··· Provided information ···
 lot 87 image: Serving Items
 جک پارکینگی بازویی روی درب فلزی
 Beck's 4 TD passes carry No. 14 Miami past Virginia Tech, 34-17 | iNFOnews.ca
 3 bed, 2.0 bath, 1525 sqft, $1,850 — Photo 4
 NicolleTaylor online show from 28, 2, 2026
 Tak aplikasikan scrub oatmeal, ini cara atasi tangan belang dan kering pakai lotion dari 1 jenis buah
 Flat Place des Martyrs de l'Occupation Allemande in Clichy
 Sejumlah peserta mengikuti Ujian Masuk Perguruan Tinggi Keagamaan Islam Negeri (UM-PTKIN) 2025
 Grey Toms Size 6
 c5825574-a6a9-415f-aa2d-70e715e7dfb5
···
Please copy out each record, character for character.

 lot 87 image: Serving Items
 جک پارکینگی بازویی روی درب فلزی
 Beck's 4 TD passes carry No. 14 Miami past Virginia Tech, 34-17 | iNFOnews.ca
 3 bed, 2.0 bath, 1525 sqft, $1,850 — Photo 4
 NicolleTaylor online show from 28, 2, 2026
 Tak aplikasikan scrub oatmeal, ini cara atasi tangan belang dan kering pakai lotion dari 1 jenis buah
 Flat Place des Martyrs de l'Occupation Allemande in Clichy
 Sejumlah peserta mengikuti Ujian Masuk Perguruan Tinggi Keagamaan Islam Negeri (UM-PTKIN) 2025
 Grey Toms Size 6
 c5825574-a6a9-415f-aa2d-70e715e7dfb5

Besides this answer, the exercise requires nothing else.